Let $p$ be any algorithm, computing provably the same function as $p^∗$ with computation time provably bounded by the function $t_p(\xi)$ for all $\xi$. $time_{t_p}(x)$ is the time needed to compute the time bound $t_p(x)$. Then Hutter's algorithm $M_{\mathsf{F},p^∗}$ computes $p^∗(x)$ in time $$time_{M_{\mathsf{F},p^∗}}(x) ≤ 5·t_p(x)+d_p·time_{t_p}(x)+c_p$$ with constants $c_p$ and $d_p$ depending on $p$ but not on $x$.

Here "provably" means that a proof can be found in $\mathsf{F}$. The algorithm could be interpreted as a generalization and improvement of Levin search, but I wonder whether it is always an improvement.

Can we use the formal system $F$ to construct a function $p^*$ for which Hutter's algorithm $M_{\mathsf{F},p^*}$ performs badly? How about asking whether a short proof of $\bot$ (i.e. a contradiction) can be found in $\mathsf{F}$? A short proof would be a proof with fewer than $n$ symbols, and we would use $x$ to encode $n$ in binary form. The function $p^*$ would just be a brute force search for the contradiction.

I think this should give a problem in $NEXP$, but the optimal algorithm to compute $p^*$ would have complexity $O(1)$, because the answer is always "no". But $M_{\mathsf{F},p^*}$ will take double exponential time in the length of $x$ to arrive at that conclusion, if I'm not mistaken. Now I wonder whether there are more interesting ways to make $M_{\mathsf{F},p^*}$ look bad, perhaps similar in spirit to Rice's theorem?

But $M_{\mathsf{F},p^*}$ will take double exponential time in the length of $x$ to arrive at that conclusion, if I'm not mistaken.
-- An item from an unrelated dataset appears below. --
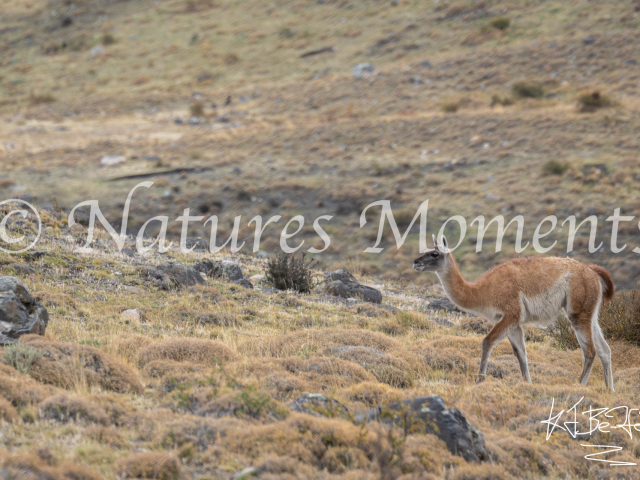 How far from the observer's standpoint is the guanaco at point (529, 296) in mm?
8352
That $M_{\mathsf{F},p^*}$ will take double exponential time is a conjecture at best. Too see that this conjecture is pretty strong, take any formula $\phi$ that is formally independent of $\mathsf F$, and ask whether a short proof of $\phi$ can be found in $\mathsf F$. Any algorithm that can answer this question quickly (with "no") can also answer the same question for $\phi=\bot$ quickly (with "no"), because any formula can be derived in a single step from $\bot$.

Now I wonder whether there are more interesting ways to make $M_{\mathsf{F},p^*}$ look bad, perhaps similar in spirit to Rice's theorem?

Formal systems are not just bad at proving their own consistency, they are also famously bad at proving some sequence to be random. So we could ask whether a given finite sequence can be reproduced by some program shorter than $m$ symbols taking fewer than $n$ steps. The restriction to fewer than $n$ steps allows us to implement $p^*$ as a brute force search. If the sequence and $m$ are kept fixed and binary encoding is used for $n$, the resulting problem seems to be in $EXP$. Maybe it's better not to fix the sequence and $m$, because then the problem seems to be in $NEXP$.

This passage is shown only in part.